DATA SUPPLIED

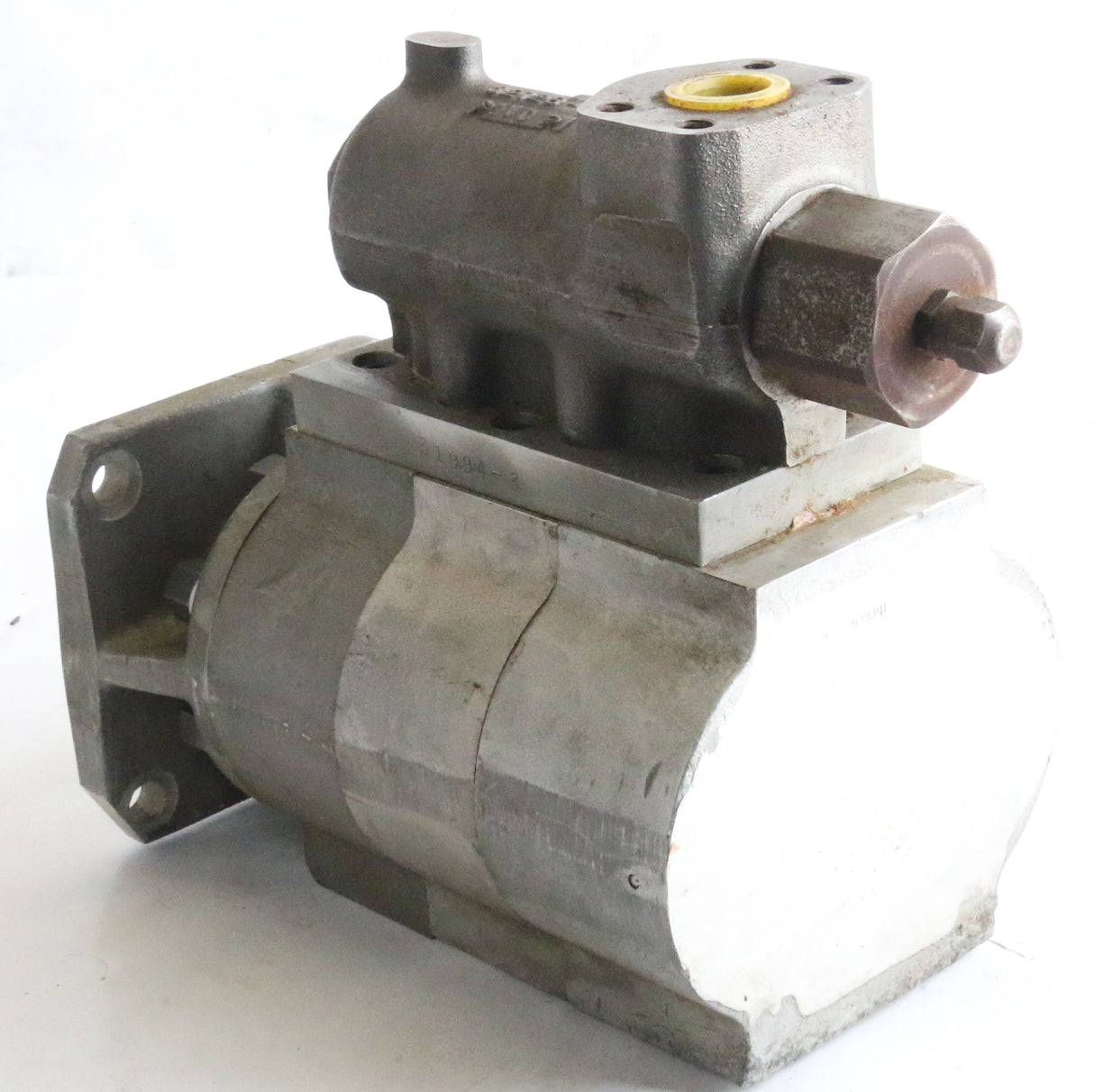 HITACHI ­-­ E4010111 ­-­ PUMP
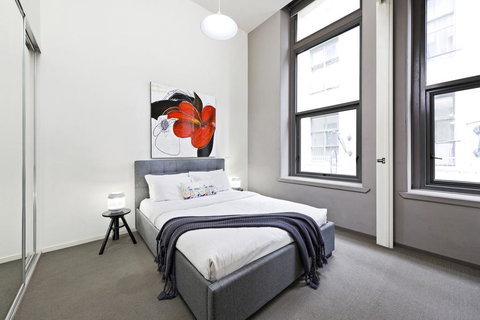 Melbourne City Chic - Degraves Lane, Parking, Lift - Accommodation Yamba 2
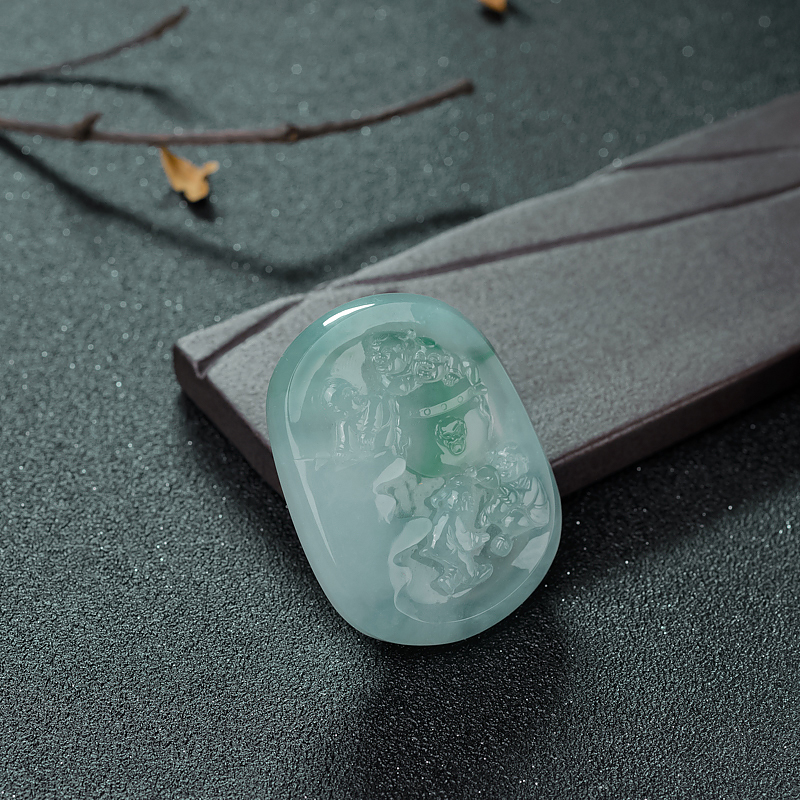 天然冰种飘翠翡翠童趣吊坠-红掌柜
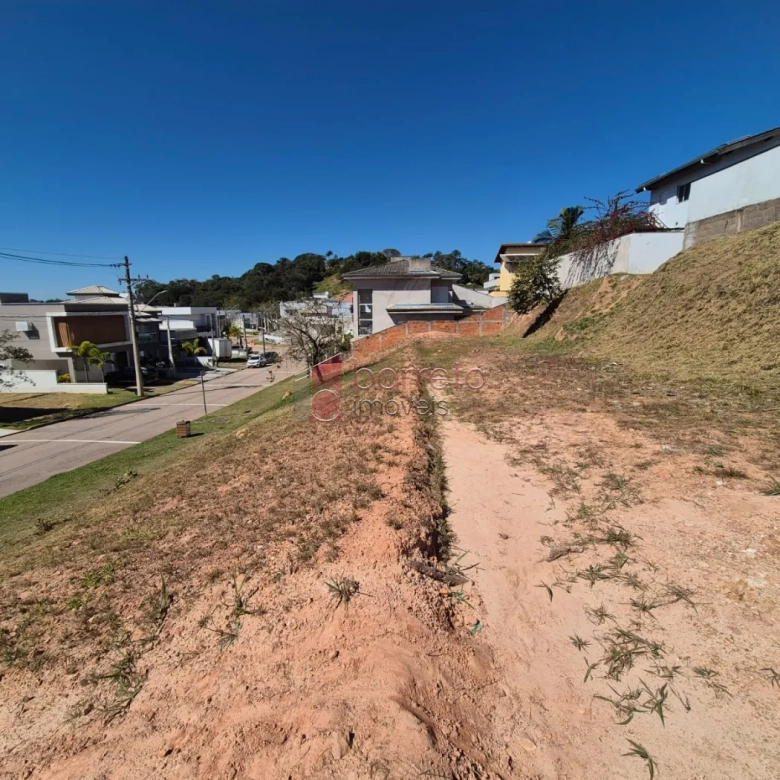 TERRENO À VENDA NO CONDOMÍNIO LAGUNA – VÁRZEA PAULISTA/SP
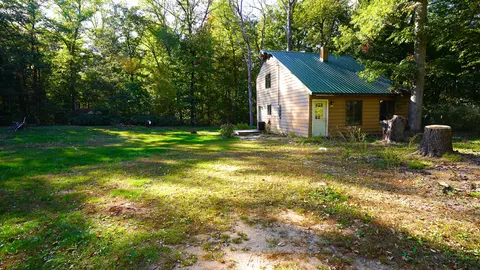 8907 Chippewa Trl, Howard City, MI 49329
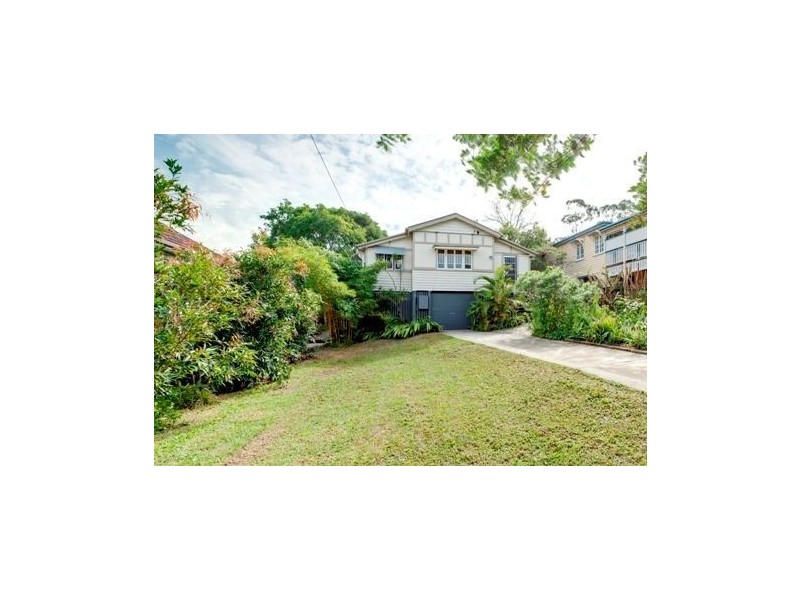 48 Hipwood Avenue, Coorparoo QLD 4151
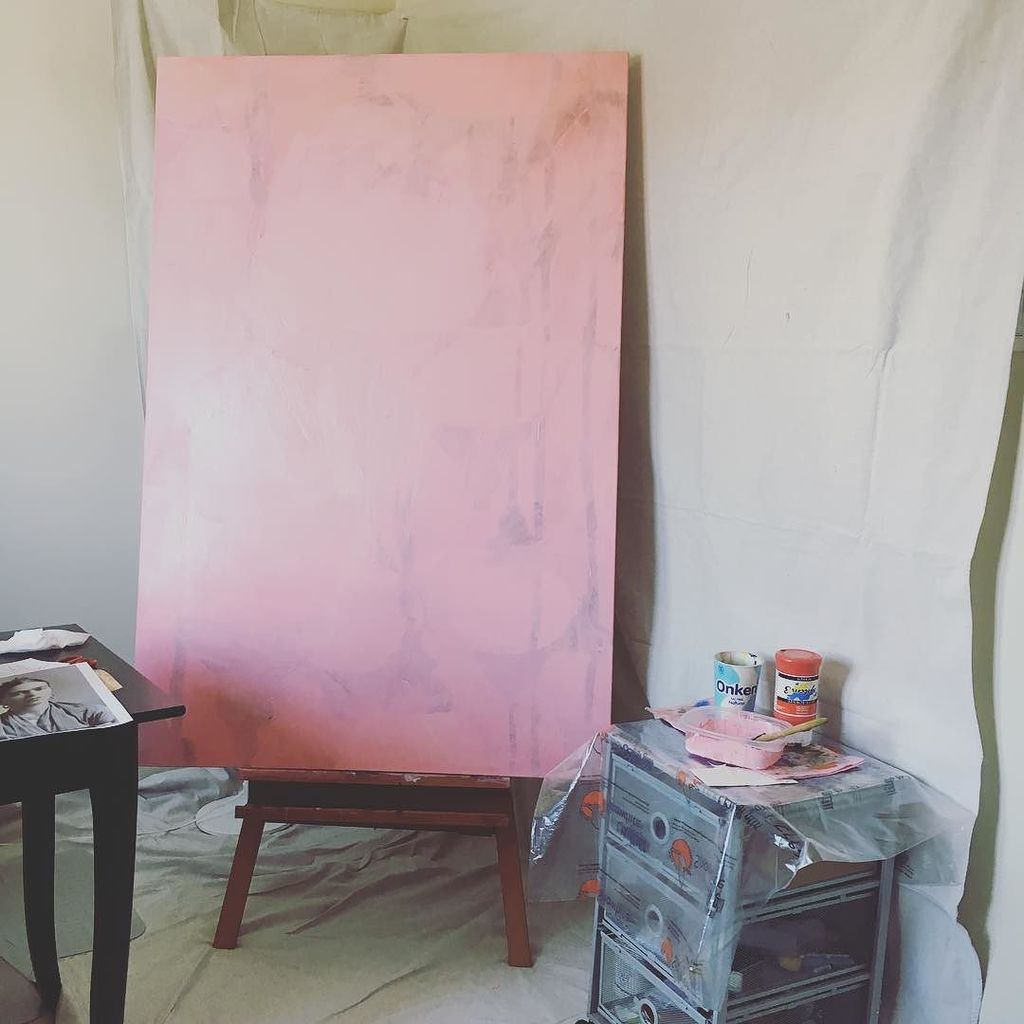 ArtistStrong's tweet photo. When your canvas asks for a pink base, you listen π
#backonthesaddle #artiststrong #pursuitwithpurpose #grateful https://t.co/bNiRFVZ7nK https://t.co/fVAzEu1RZI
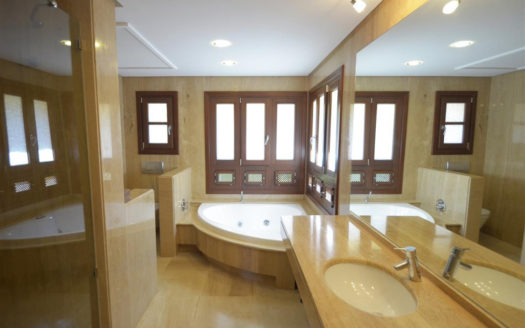 4 bedrooms Villa in La Capellania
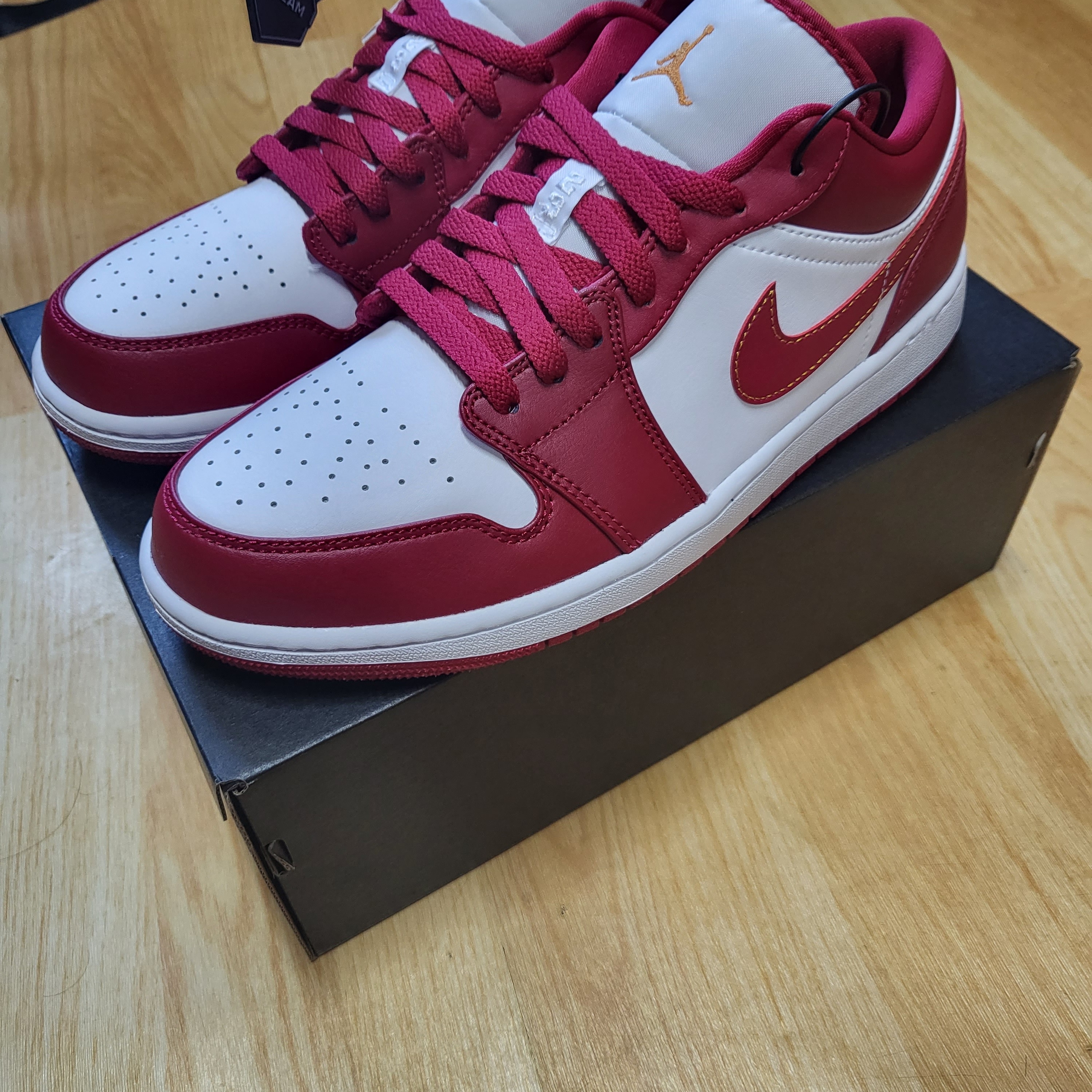 Jordan 1 Low Cardinal Red 착용 스타일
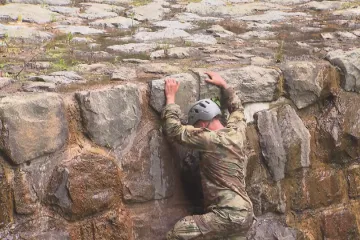 Zóna ČT24: Výsadkáři si při „pekelném závodě“ sáhli na dno svých sil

PROBLEM STATEMENT
Only the lines from the one with "Jordan 1 Low Cardinal Red 착용 스타일" through the end of the data, both ends included, should be written out exactly, and no pictures should appear.

OUTPUT
 Jordan 1 Low Cardinal Red 착용 스타일
 Zóna ČT24: Výsadkáři si při „pekelném závodě“ sáhli na dno svých sil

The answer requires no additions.